My second pivotal, profound, and powerful retreat experience is my continuing participation in a teacher-renewal, formation-work program called The Courage To Teach, inspired by the work of educator-philosopher-Quaker-writer Parker Palmer.  It’s a totally different thing, a thing during which there is next to no dancing, but a thing that does for my teaching soul what the alumni conference does for my writing soul. I believe that this retreat work has made it possible for me to be continuously engaged in and rewarded by teaching and has been a key antidote to burnout.  Impossible to describe effectively in a paragraph, the Courage To  Teach work eschews talk about what teachers do and instead focuses completely on who they are, recognizing that each teacher, each individual for that matter, has inside of them sufficient wisdom to answer all their deepest questions, to solve all their most difficult problems in work and in life; they only require a community whose job it is to help the individual listen to that inner teacher.  In a very intentional way, we write, we read poems, we draw pictures, we invite silence, we meditate, we walk and talk, all toward the goal of helping each individual to know and trust themselves better.  No one ever tries to fix you or give you advice. While having almost nothing to do with classroom strategy and practice, it has been the most profoundly influential “staff development” experience I have ever had.  Life changing and career saving.

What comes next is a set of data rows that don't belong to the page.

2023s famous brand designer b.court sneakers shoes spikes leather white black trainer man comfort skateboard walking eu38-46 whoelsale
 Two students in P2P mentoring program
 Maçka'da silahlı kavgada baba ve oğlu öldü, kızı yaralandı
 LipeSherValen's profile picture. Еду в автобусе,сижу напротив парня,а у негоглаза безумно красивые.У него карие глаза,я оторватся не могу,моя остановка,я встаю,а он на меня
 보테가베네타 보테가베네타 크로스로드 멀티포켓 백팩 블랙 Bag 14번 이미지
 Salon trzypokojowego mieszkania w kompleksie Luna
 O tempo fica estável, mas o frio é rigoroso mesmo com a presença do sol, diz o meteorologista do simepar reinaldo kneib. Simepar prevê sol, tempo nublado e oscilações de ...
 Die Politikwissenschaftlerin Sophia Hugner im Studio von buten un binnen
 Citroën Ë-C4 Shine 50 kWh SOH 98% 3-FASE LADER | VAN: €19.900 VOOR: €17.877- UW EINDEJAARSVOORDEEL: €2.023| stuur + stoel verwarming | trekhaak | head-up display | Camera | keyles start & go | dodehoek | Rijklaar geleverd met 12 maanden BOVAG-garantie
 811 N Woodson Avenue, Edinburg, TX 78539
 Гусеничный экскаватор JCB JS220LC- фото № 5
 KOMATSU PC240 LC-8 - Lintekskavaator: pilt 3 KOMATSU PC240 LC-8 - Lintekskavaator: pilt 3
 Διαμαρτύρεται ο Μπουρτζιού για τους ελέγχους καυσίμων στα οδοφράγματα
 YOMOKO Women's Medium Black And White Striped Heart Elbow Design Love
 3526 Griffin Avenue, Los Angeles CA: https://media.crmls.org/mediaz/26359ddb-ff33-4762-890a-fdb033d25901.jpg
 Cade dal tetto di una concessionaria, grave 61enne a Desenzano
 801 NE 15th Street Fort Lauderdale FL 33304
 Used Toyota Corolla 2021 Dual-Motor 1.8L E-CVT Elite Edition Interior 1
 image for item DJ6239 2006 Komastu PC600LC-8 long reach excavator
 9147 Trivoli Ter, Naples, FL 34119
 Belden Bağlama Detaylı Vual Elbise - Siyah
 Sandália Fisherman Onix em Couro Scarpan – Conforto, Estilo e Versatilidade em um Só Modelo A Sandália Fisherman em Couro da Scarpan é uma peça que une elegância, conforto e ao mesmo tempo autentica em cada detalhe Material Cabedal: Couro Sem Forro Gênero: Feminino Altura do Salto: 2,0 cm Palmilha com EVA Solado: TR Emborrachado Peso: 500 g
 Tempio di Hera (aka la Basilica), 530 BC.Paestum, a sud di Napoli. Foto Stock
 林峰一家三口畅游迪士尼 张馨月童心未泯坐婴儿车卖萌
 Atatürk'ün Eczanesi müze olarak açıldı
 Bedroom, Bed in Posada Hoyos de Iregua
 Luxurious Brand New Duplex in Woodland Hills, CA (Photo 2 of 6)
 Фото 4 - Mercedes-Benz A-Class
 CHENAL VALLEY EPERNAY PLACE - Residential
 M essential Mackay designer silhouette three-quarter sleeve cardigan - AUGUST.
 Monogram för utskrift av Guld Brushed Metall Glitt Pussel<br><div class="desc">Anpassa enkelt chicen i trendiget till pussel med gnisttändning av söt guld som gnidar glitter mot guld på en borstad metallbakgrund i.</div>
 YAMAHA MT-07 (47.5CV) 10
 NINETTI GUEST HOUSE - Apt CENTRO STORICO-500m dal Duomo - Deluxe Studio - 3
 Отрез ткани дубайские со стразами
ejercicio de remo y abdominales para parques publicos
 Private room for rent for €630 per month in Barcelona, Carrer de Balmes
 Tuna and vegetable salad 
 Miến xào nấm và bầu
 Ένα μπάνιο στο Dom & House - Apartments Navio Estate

These are my retreats.  I find retreat also whenever I have an opportunity to be by myself for a time to write, whether it be at home or over a short couple of days in a cabin or a tent somewhere, but in both the cases I’ve described above, a community exists in which the solitude of the artist is honored and supported; these experiences exemplify the paradox described by Parker Palmer in The Courage To Teach, his pivotal exploration of the teaching vocation: “My inward and invisible sense of identity becomes known, even to me, only as it manifests itself in encounters with external and visible ‘otherness.'” This is the wonder and the gift of these kinds of retreat for me.

What does it for you?  How will you carve out of your life time for retreat?  And what might be the cost if you don’t?  Ultimately, it’s a kind of selfishness that I encourage.  Making yourself whole will send waves of positivity outward and benefit every one and every organization touched by your life.